# Math Help - Derivative of Log Function

1. ## Derivative of Log Function

Hey guys,

I'm really having some difficulty understanding how to find the derivative of log functions - I keep trying these homework questions and getting most of them wrong and I'm really starting to get annoyed.

Here's a question, for example:

y=ln(4x)/x^4
y'=?

I did attempt it several times, different ways but each time it was wrong...

Any hints on how to go about these sorts of questions? I know that you're supposed to use the chain rule but it's just not working for me for some reason.

Any help's appreciated!

2. Originally Posted by dark-ryder341
Hey guys,

I'm really having some difficulty understanding how to find the derivative of log functions - I keep trying these homework questions and getting most of them wrong and I'm really starting to get annoyed.

Here's a question, for example:

y=ln(4x)/x^4
y'=?

I did attempt it several times, different ways but each time it was wrong...

Any hints on how to go about these sorts of questions? I know that you're supposed to use the chain rule but it's just not working for me for some reason.

Any help's appreciated!
Well you have to use the quotient rule on this one first of all. Followed by the chain rule.

3. Alright...so, I'd go:

ln(4x)' * x^4 - ln(4x) * x^4' / (x^4)^2

1/4x * x^4 - ln(4x) * 4x^3 / (x^4)^2

x^4/4x - ln(4x) * 4x^3 / (x^8) [I think you would change it to x^8?]

I get stuck at this point though...would I just leave it like that and then apply the chain rule?

4. Originally Posted by dark-ryder341
Alright...so, I'd go:

ln(4x)' * x^4 - ln(4x) * x^4' / (x^4)^2

1/4x * x^4 - ln(4x) * 4x^3 / (x^4)^2

x^4/4x - ln(4x) * 4x^3 / (x^8) [I think you would change it to x^8?]

I get stuck at this point though...would I just leave it like that and then apply the chain rule?
Very close, but remember the chain rule.

$\frac{d}{dx} \ln(4x) = \frac{1}{4x} \times \frac{d}{dx} (4x) = \frac{1}{4x} \times 4 = \frac{1}{x}$, so your result should be:

$\frac{\frac{x^4}{x} - \ln(4x) \times 4x^3}{x^8}$

Which simplifies to $\frac{x^3 - \ln(4x) \times 4x^3}{x^8}$

Which simplifies even further to $\frac{1 - 4 \ln(4x)}{x^5}$ by taking out a factor of $x^3$ on the top and bottom.

5. Alright, so I'd get:

x^3/4 - ln(4x) * 4 / x^5, then? Would I be able to take the x^3 out of that fraction as well, though? Thanks for helping me by the way.

6. Originally Posted by dark-ryder341
Alright, so I'd get:

x^3/4 - ln(4x) * 4 / x^5, then? Would I be able to take the x^3 out of that fraction as well, though? Thanks for helping me by the way.

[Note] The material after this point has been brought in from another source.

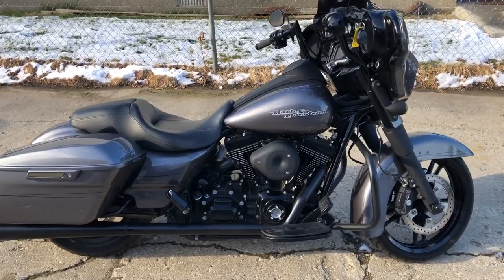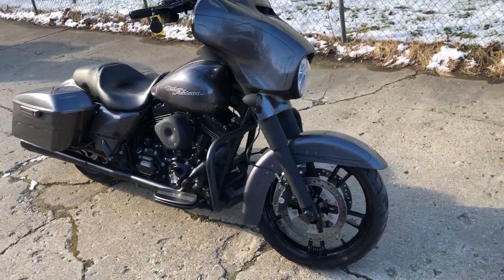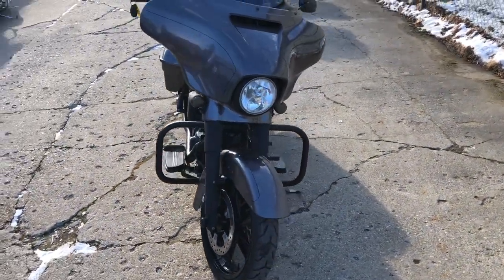Hey guys, ApprovalPowerSports.com here doing some videos on some stuff that just came in. This one here is a 2014 Street Glide Special, only has 10,613 miles.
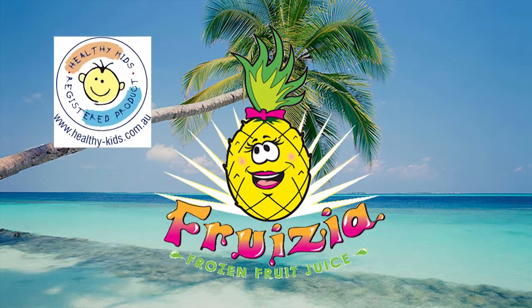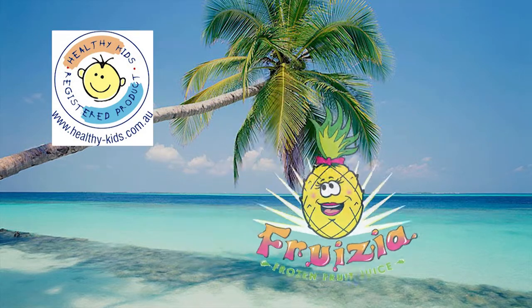Fruzia frozen fruit juice is a healthy kids registered product. Hi, I'm Andrew from Delicious Brands.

I noticed a mistake, and I edit my above post to reflect this. Have a look.

7. Ah, I see! Thanks. So I wouldn't have to reduce that any more, right? Since the chain rule was already applied to ln(4x)...? Would it be the final answer?

8. Originally Posted by dark-ryder341
Ah, I see! Thanks. So I wouldn't have to reduce that any more, right? Since the chain rule was already applied to ln(4x)...? Would it be the final answer?

Yep, that would be the final simplified answer.